Why wouldn’t anyone want to travel to Japan? It’s the land of futuristic technology, the land of anime, the land of talking toilets – but it’s also the land of KitKat pizza and giant sea slug dinners. You win some, you lose some. Here are 17 Japanese foods that prove Japan is playing a whole different ball game when it comes to food.


1. KitKat pizza.

Yup. It’s a thing. You can order it, you can eat it. A sweet and savoury mix of EWW.


2. Nankotsu.

Sound delicious? Well, it’s chicken cartilage. Enjoy!


3. Wasp crackers.

Yes, they’re crackers. With wasps in them.

4. Squid ice-cream.

Who wants vanilla, chocolate or strawberry anyway? Squid ice-cream is the way forward.


5. Green tea chocolate covered strawberries.
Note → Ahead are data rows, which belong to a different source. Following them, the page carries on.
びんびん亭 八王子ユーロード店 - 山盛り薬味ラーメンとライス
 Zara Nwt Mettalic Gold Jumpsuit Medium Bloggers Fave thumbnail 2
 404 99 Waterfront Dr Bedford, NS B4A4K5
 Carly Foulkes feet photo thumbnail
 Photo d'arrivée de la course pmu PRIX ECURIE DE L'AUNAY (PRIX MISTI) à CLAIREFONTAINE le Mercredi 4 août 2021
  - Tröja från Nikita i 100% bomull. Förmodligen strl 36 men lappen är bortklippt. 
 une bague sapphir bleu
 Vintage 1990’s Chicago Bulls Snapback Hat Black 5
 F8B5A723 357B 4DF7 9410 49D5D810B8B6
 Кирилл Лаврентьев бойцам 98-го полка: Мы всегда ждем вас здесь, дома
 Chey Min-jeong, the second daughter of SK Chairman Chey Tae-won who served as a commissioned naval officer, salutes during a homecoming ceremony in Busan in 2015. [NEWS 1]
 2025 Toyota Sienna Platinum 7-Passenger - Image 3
They sure love their green tea over there in Japan. In fact, they love their green tea so much, they make chocolate from it. Then they dip their strawberries in it. It’s a sad day for chocolate covered strawberries.


6. Shiokara.

“Hmm, what’s this?” you say? “Looks like chicken in some kind of satay sauce.” You say? NO BIG DEAL YOU SAY? It’s fermented fish guts. Yeah.

7. Torafugu.

This fish was made famous by The Simpsons. It’s a toxic putterfish and only parts of it are actually edible. Poison fish, poison fish, tasty fish.


8. Red Samurai Chicken burger.

We’re not 100% sure but… We think this one may be pretty hot.


9. Natto.

OK, any human being knows not to eat this stuff. It is actually as gross as it looks. Natto is a big juicy bowl of stinky, fetid, fermented soy beans.

10. Chirimenjako.

Forget about croutons, tiny dried baby fish are the way forward.


11. Hachinoko.

Craving a snack? How about some bee larvae? Oh, relax, they’re deep-fried.


12. Namako.

You only thought you liked sushi, just wait until you try some of this succulent sea slug.

13. Shirouo no odorigui.

Can’t pronounce it? Good, that means you can’t accidentally order live fish bait.


14. Shirako.

How about some delicious fresh fish sperm? Yeah, we didn’t think so.


15. Kuro Pearl burger.

You can get this baby at Burger King. Wanna know why it’s black? No? OK, we’ll tell you anyway. Squid. Ink.

16. Basashi.

Oh, yum, sashimi right? WRONG. If you survived the raw salmon and raw tuna you’ve completed step one. Step two is raw horse meat.


17. Some dishes are better left up to the locals.